● **Work required**
Begin your copy at the line with "Musk KF94 Kore" in the records below and end it at the line with "[Wealth-Bringing Beast] Ice", restating each line word for word; omit the pictures.

● **Data shown**
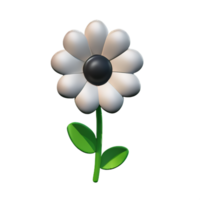 blanc fleur 3d le rendu icône illustration png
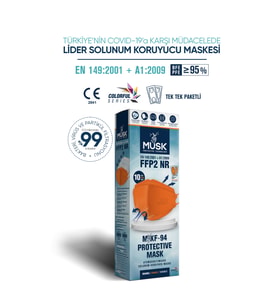 Musk KF94 Kore Tipi N95 Maske Turuncu Renk 10 Adet
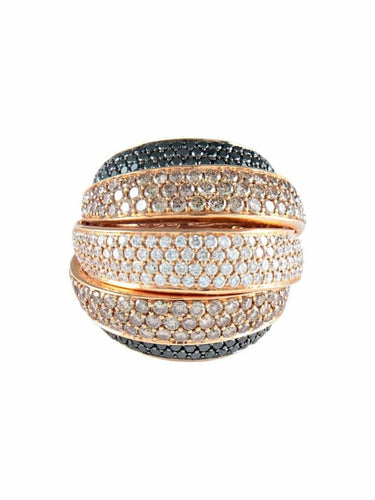 Bague 51.5 Bague pavée en or rose et diamants blancs, bruns et noirs 58 Facettes 422 50057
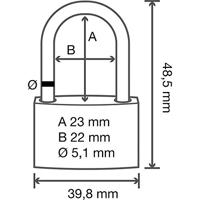 Sygonix SY-5045284 Hangslot 39.8 mm Deels gelijksluitend Goud-geel Sleutelslot - thumbnail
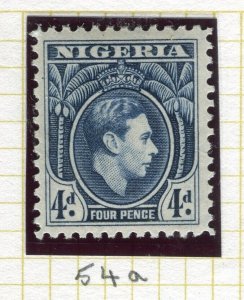 NIGERIA; 1938 early GVI issue fine Mint hinged Shade of 4d. value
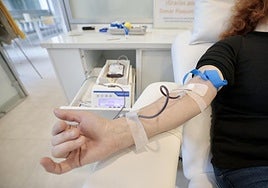 Imagen de archivo de una donación de sangre en Valladolid.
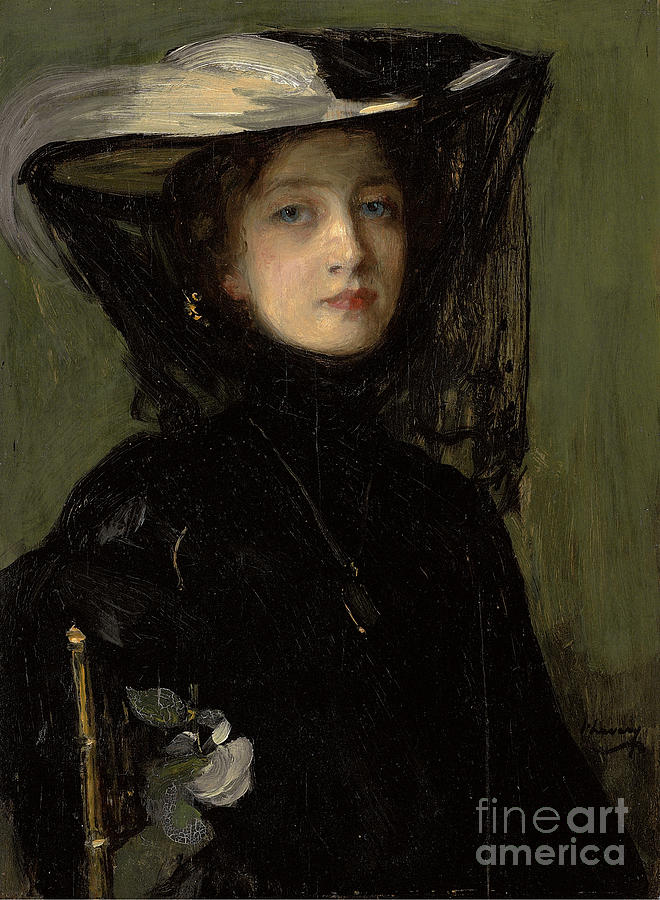 Mary In Black, Oil On Panel Painting by John Lavery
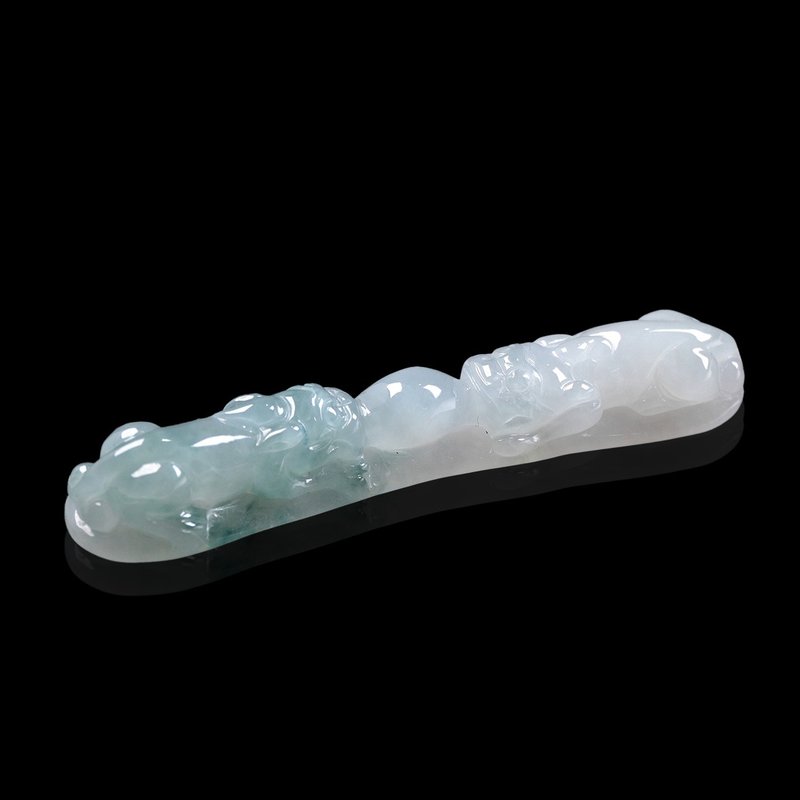 [Wealth-Bringing Beast] Ice Jadeite Pixiu Hand Tag with Floating Flowers | Natural Burmese Jade Jade A Grade | Gifts - สร้อยคอ - หยก หลากหลายสี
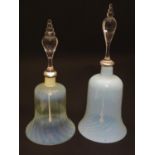Two Victorian opaline glass bells, the largest 14 1/2" tall (2) Please Note - we do not make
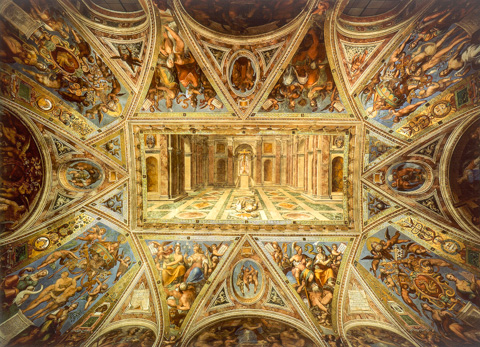 The ceiling of the Sala di Constantino in the Raphael Rooms of the Vatican Museums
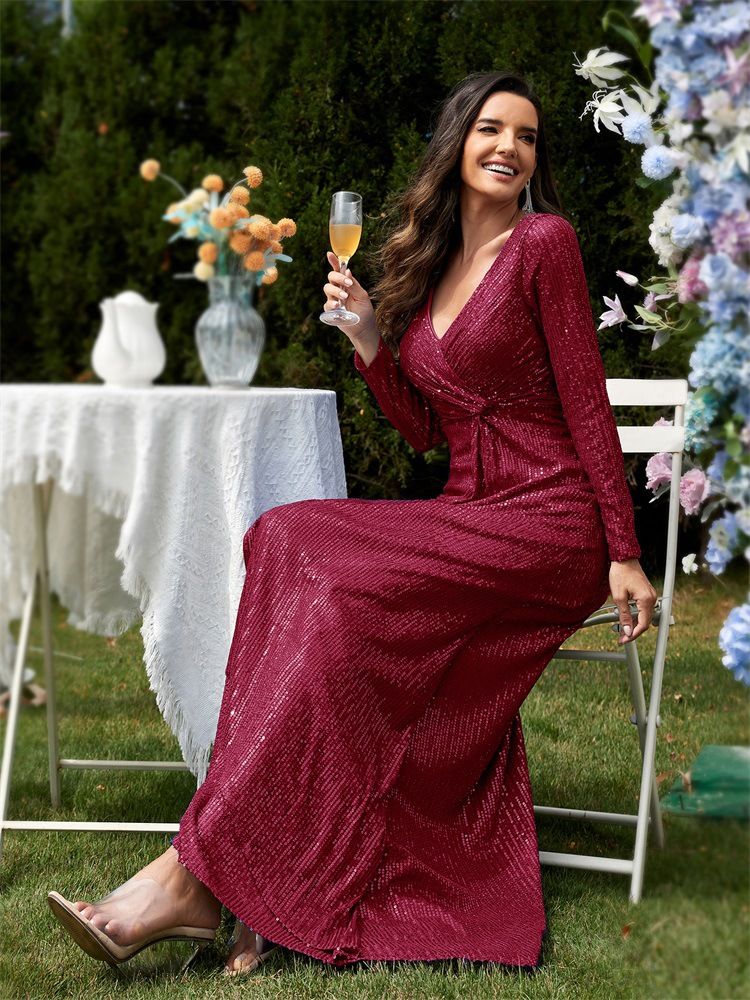 Abito da sera a sirena con scollo a V e maniche lunghe da donna_voghion.com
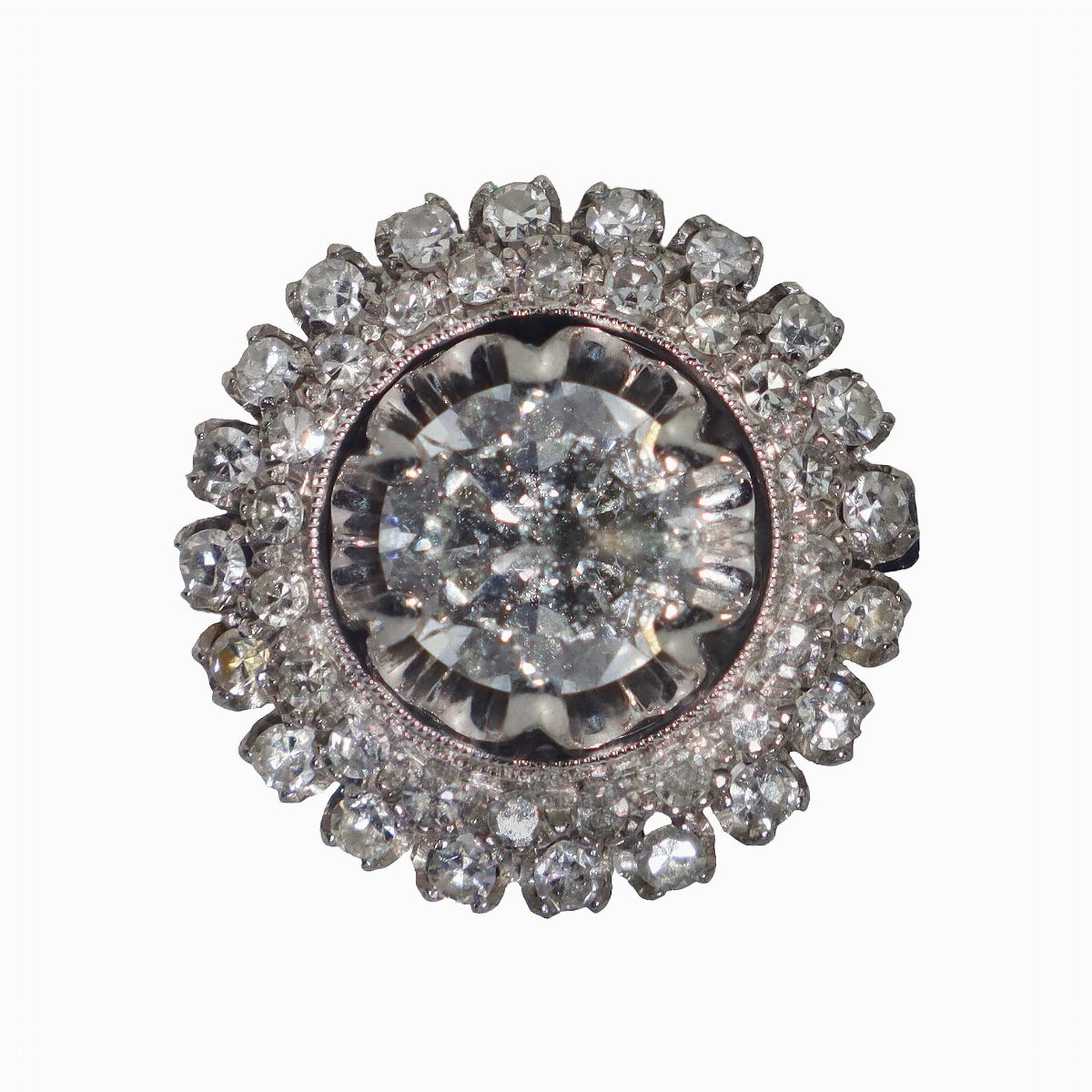 Anello con Diamante Centrale e 2 Ghiere con 40 Diamanti Taglio Antico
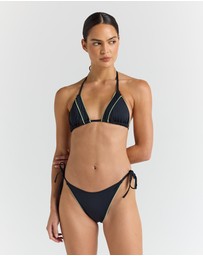 Poolside Paradiso - Splice High String Tie Bikini Bottom - Black
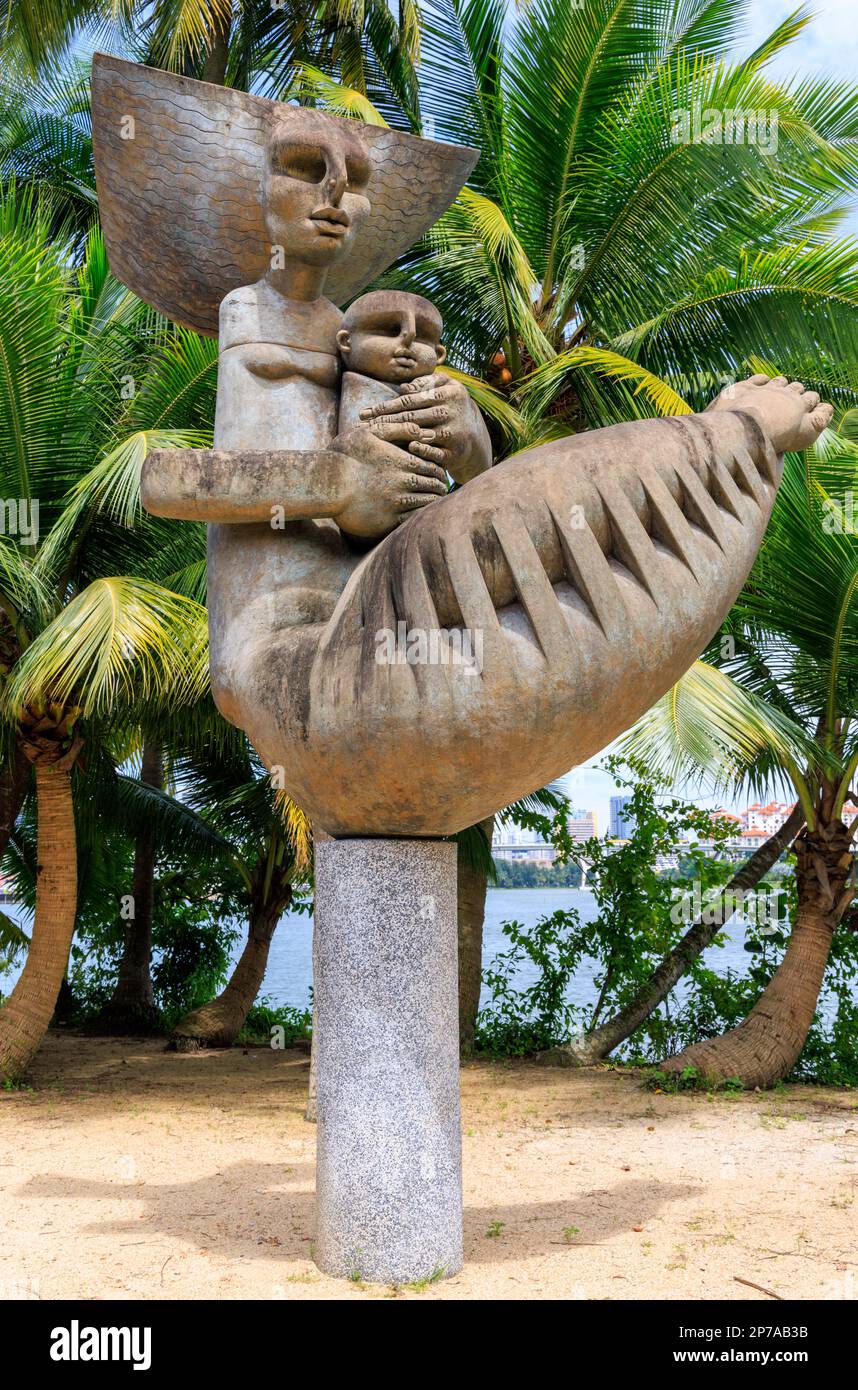 Statua in bronzo "madre e bambino" del Dr. Ng Eng Teng presso i Giardini della Baia, Singapore Foto Stock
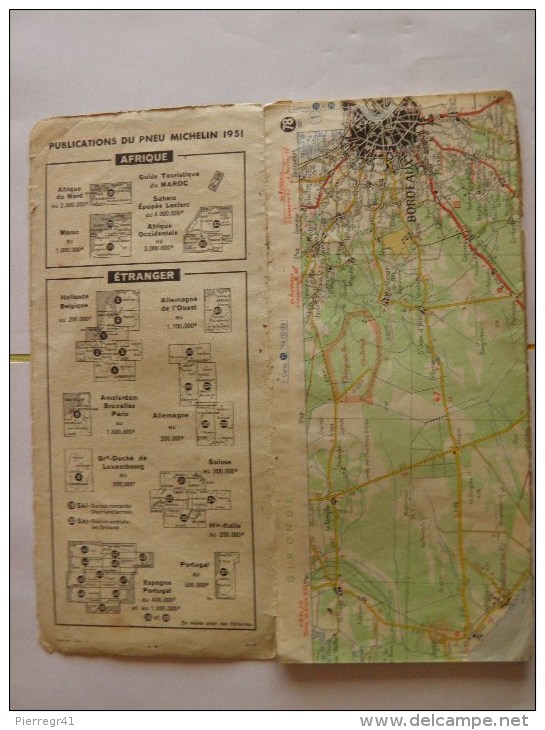 CARTE-ROUTIERE-MICHELIN-N °78-1951--BORDEAUX-BIARRITZ-B E - Cartes Routières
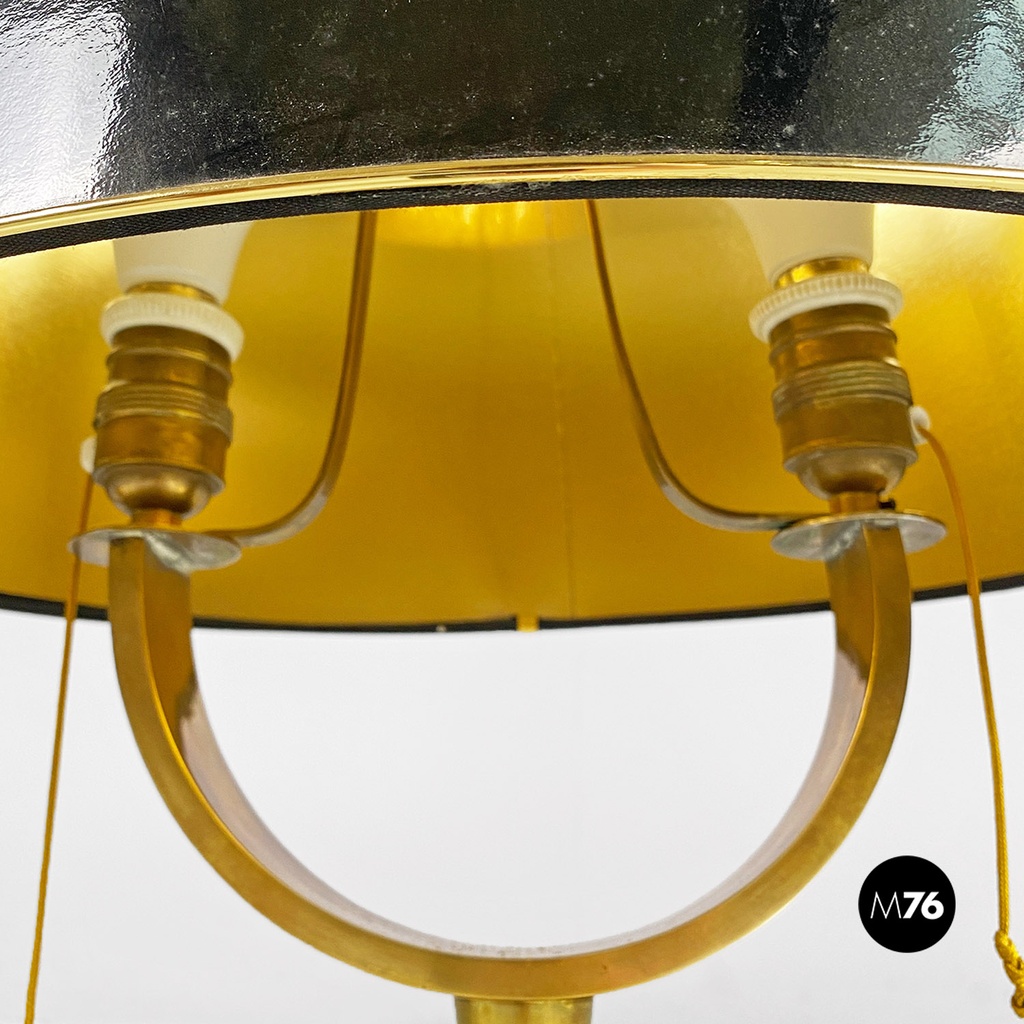 Italian mid century modern brass and black glossy abat jour or table lamps 1940s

● **Solution to the problem**
 Musk KF94 Kore Tipi N95 Maske Turuncu Renk 10 Adet
 Bague 51.5 Bague pavée en or rose et diamants blancs, bruns et noirs 58 Facettes 422 50057
 Sygonix SY-5045284 Hangslot 39.8 mm Deels gelijksluitend Goud-geel Sleutelslot - thumbnail
 NIGERIA; 1938 early GVI issue fine Mint hinged Shade of 4d. value
 Imagen de archivo de una donación de sangre en Valladolid.
 Mary In Black, Oil On Panel Painting by John Lavery
 [Wealth-Bringing Beast] Ice Jadeite Pixiu Hand Tag with Floating Flowers | Natural Burmese Jade Jade A Grade | Gifts - สร้อยคอ - หยก หลากหลายสี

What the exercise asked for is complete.